Hacker News new | ask | show | jobs
by pavon 723 days ago
proto2 allowed both required fields and optional fields, and there were pros and cons to using both, but both were workable options.

Then proto3 went and implemented a hybrid that was the worst of both worlds. They made all fields optional, but eliminated the introspection that let a receiver know if a field had been populated by the sender. Instead they silently populated missing fields with a hardcoded default that could be a perfectly meaningful value for that field. This effectively made all fields required for the sender, but without the framework support to catch when fields were accidentally not populated. And it made it necessary to add custom signaling between the sender and receiver to indicate message versions or other mechanisms so the receiver could determine which fields the sender was expected to have actually populated.

2 comments

You can now detect field presence in several cases: https://protobuf.dev/programming-guides/field_presence/#pres...

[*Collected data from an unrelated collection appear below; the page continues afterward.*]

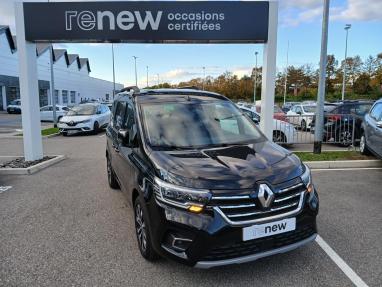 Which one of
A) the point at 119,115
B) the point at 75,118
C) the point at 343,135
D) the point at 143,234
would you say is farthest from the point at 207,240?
the point at 75,118

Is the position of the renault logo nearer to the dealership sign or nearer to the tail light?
the dealership sign

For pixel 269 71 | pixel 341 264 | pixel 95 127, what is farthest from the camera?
pixel 95 127

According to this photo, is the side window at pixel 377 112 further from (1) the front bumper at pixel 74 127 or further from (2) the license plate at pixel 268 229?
(1) the front bumper at pixel 74 127

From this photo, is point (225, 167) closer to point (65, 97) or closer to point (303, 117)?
point (303, 117)

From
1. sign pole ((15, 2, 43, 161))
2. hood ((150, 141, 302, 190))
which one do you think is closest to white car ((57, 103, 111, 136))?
sign pole ((15, 2, 43, 161))

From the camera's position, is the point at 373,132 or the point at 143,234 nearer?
the point at 143,234

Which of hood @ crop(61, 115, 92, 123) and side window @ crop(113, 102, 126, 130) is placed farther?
hood @ crop(61, 115, 92, 123)

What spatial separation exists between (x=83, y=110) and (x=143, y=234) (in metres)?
16.2

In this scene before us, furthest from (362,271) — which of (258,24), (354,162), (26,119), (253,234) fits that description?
(26,119)

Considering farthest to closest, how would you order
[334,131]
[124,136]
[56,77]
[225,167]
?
[56,77] < [334,131] < [124,136] < [225,167]

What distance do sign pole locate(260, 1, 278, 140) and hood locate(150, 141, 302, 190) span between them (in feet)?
15.9

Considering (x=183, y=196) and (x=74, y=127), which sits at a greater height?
(x=183, y=196)

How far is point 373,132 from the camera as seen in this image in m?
8.07

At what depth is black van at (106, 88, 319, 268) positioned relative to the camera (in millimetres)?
3033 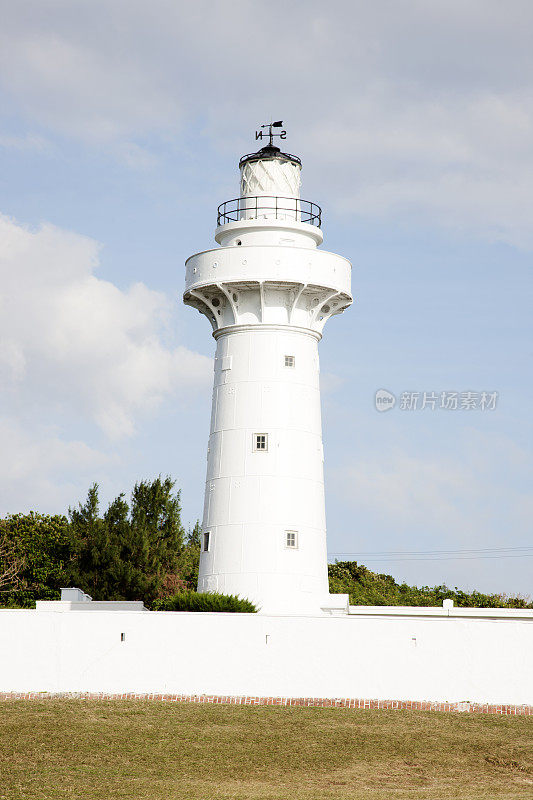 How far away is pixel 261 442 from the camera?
33125mm

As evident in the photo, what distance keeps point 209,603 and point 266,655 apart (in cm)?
225

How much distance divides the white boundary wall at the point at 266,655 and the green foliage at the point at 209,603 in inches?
37.9

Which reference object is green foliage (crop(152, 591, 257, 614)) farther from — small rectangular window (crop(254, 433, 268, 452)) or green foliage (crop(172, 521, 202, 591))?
green foliage (crop(172, 521, 202, 591))

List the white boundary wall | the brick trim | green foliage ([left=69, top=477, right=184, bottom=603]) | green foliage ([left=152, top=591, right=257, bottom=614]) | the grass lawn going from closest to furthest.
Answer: the grass lawn → the brick trim → the white boundary wall → green foliage ([left=152, top=591, right=257, bottom=614]) → green foliage ([left=69, top=477, right=184, bottom=603])

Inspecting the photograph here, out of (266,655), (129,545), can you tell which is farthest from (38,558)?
(266,655)

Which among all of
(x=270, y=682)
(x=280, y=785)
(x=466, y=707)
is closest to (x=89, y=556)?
(x=270, y=682)

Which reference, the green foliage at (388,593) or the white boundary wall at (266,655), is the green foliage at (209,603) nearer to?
the white boundary wall at (266,655)

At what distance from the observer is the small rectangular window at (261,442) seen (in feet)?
108

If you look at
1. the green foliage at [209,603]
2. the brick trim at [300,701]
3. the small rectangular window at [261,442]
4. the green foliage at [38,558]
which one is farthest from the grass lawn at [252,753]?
the green foliage at [38,558]

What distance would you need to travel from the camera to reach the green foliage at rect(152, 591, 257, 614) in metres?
30.0

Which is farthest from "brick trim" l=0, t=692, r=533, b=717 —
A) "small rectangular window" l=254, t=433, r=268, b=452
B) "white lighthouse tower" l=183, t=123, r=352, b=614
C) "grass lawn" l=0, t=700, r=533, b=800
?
"small rectangular window" l=254, t=433, r=268, b=452

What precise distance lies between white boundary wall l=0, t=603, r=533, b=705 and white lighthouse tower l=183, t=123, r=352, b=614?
3200 millimetres

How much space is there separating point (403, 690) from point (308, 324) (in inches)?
454

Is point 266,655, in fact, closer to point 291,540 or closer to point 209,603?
point 209,603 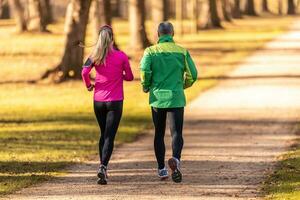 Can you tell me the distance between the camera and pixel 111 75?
1164 centimetres

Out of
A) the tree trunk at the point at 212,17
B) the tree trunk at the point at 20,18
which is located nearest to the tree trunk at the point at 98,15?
the tree trunk at the point at 20,18

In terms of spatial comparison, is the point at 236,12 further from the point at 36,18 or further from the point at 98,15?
the point at 98,15

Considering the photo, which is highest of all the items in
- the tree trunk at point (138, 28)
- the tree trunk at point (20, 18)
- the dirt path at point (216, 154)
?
the dirt path at point (216, 154)

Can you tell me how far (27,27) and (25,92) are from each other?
106 feet

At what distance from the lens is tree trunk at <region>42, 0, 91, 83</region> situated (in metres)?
28.3

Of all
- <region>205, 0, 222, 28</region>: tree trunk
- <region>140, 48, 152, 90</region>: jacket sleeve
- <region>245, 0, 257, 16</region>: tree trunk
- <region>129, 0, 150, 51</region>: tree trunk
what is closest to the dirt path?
<region>140, 48, 152, 90</region>: jacket sleeve

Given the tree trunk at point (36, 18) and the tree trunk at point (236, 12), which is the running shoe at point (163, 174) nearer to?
the tree trunk at point (36, 18)

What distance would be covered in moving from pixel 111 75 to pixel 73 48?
55.8ft

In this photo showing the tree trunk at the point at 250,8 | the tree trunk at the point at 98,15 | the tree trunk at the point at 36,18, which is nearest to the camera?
the tree trunk at the point at 98,15

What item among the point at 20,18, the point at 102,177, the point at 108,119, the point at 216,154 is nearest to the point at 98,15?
the point at 20,18

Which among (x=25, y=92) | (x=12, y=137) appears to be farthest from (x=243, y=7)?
(x=12, y=137)

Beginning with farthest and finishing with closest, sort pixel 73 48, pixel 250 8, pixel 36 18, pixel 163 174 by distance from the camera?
pixel 250 8 → pixel 36 18 → pixel 73 48 → pixel 163 174

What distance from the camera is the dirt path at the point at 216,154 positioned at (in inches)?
434

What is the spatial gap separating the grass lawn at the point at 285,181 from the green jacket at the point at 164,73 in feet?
4.51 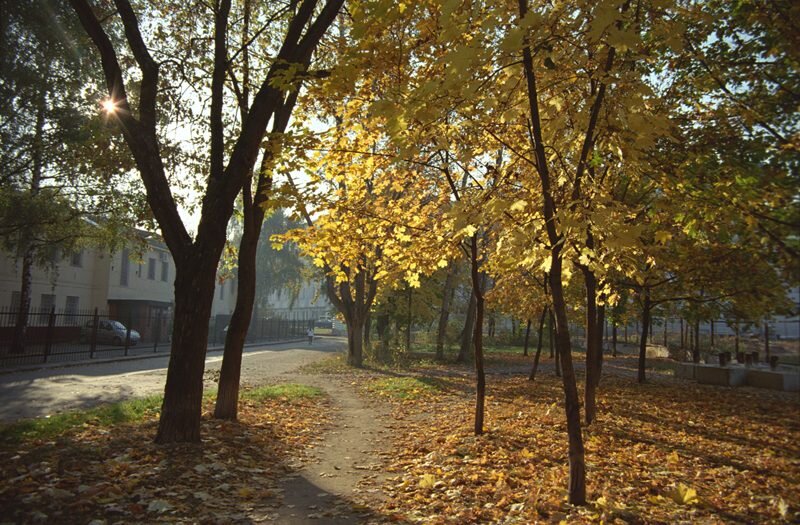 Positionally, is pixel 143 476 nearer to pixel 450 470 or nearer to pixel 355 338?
pixel 450 470

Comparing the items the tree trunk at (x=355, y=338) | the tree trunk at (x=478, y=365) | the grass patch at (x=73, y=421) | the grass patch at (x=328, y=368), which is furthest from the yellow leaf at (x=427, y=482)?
the tree trunk at (x=355, y=338)

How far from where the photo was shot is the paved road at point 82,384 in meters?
10.5

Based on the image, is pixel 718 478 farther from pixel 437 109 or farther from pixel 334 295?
pixel 334 295

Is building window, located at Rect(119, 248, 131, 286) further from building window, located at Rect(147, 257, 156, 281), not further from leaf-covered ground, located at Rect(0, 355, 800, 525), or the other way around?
leaf-covered ground, located at Rect(0, 355, 800, 525)

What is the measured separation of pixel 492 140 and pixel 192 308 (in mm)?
4461

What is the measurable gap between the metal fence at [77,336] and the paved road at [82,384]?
67.6 inches

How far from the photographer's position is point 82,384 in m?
14.2

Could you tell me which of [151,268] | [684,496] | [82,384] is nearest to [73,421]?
[82,384]

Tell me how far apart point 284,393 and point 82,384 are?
633cm

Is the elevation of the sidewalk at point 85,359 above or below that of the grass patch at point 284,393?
below

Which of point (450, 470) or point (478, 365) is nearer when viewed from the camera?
point (450, 470)

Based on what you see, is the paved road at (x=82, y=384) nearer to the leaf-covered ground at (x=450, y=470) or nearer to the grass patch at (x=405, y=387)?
the leaf-covered ground at (x=450, y=470)

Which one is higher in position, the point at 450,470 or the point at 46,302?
the point at 46,302

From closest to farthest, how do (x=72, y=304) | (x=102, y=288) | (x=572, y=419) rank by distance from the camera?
(x=572, y=419) < (x=72, y=304) < (x=102, y=288) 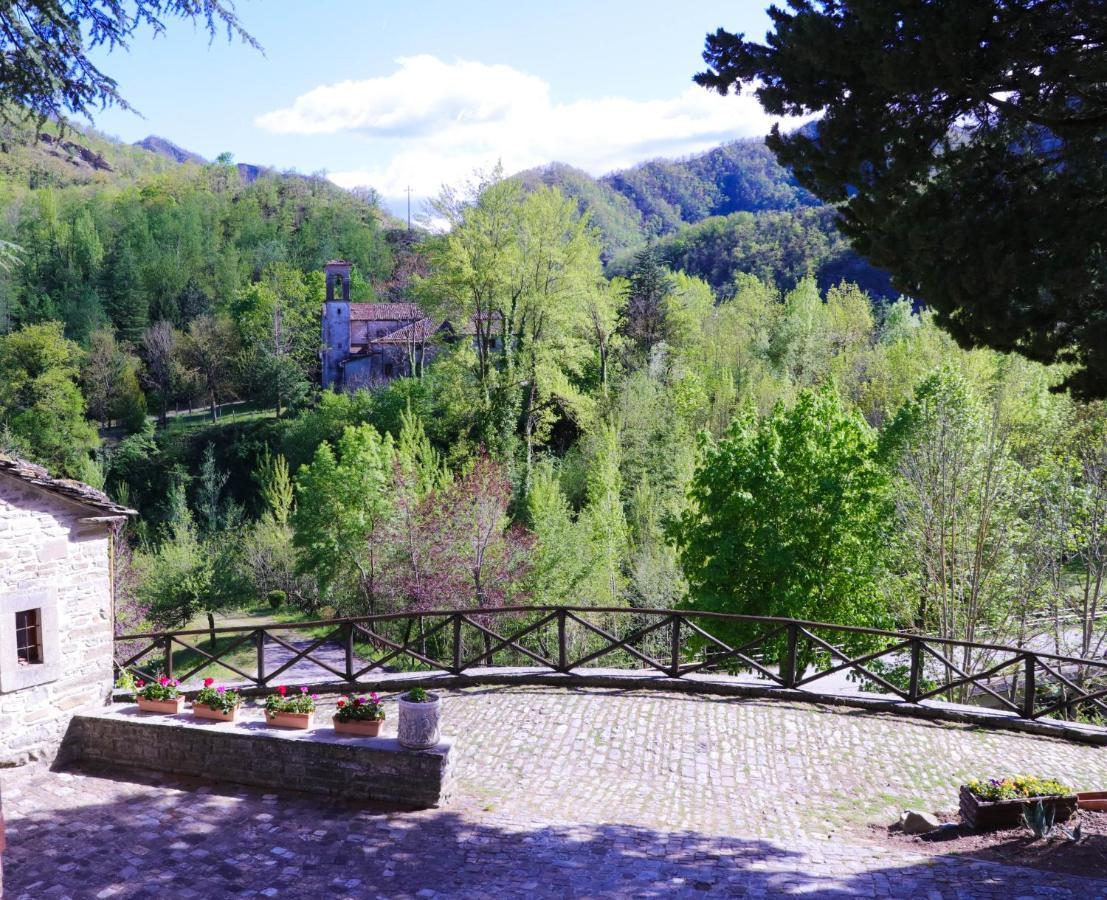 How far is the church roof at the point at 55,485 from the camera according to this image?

This is very solid with message types, but for basic types you can add `optional field` if needed as well (essentially making the value nullable)

proto2 required fields were basically unusable for some technical reason I forget, to the point where they're banned where I work, so you had to make everything optional, when in many cases it was unnecessary. Leading to a lot of null vs 0 mistakes.

Proto3 made primitives all non-optional, default 0. But messages were all still optional, so you could always wrap primitives that really needed to be optional. Then they added optionals for primitives too recently, implemented internally as wrapper messages, which imo was long overdue.

The technical reason is that they break the end-to-end principle. In computer networking in general, it is a desirable property for an opaque message to remain opaque, and agnostic to every server and system that it passes through. This is part of what makes TCP/IP so powerful: you can send an IP packet through Ethernet or Token Ring or Wi-Fi or carrier pigeon, and it doesn't matter, it's just a bunch of bytes that get passed through by the network topology.

Protobufs generally respect this property, but required fields break it. If you have a field that is marked 'required' and then a message omitting it passes through a server with that schema, the whole message will fail to parse. Even if the schema definition on both the sender and the recipient omits the field entirely.

Consider what happens when you add a new required field to a protobuf message, which might be embedded deep in a hierarchy, and then send it through a network of heterogenous binaries. You make the change in your source repository and expect that everything in your distributed system will instantly reflect that reality. However, binaries get pushed at different times. The sender may not have picked up the new schema, and so doesn't know to populate it. The recipient may not have picked up the new schema, and so doesn't expect to read it. Some message-bus middleware did pick up the new schema, and so the containing message which embeds your new field fails to parse, and the middleware binary crashes with an assertion failure, bringing down a lot of unrelated services too.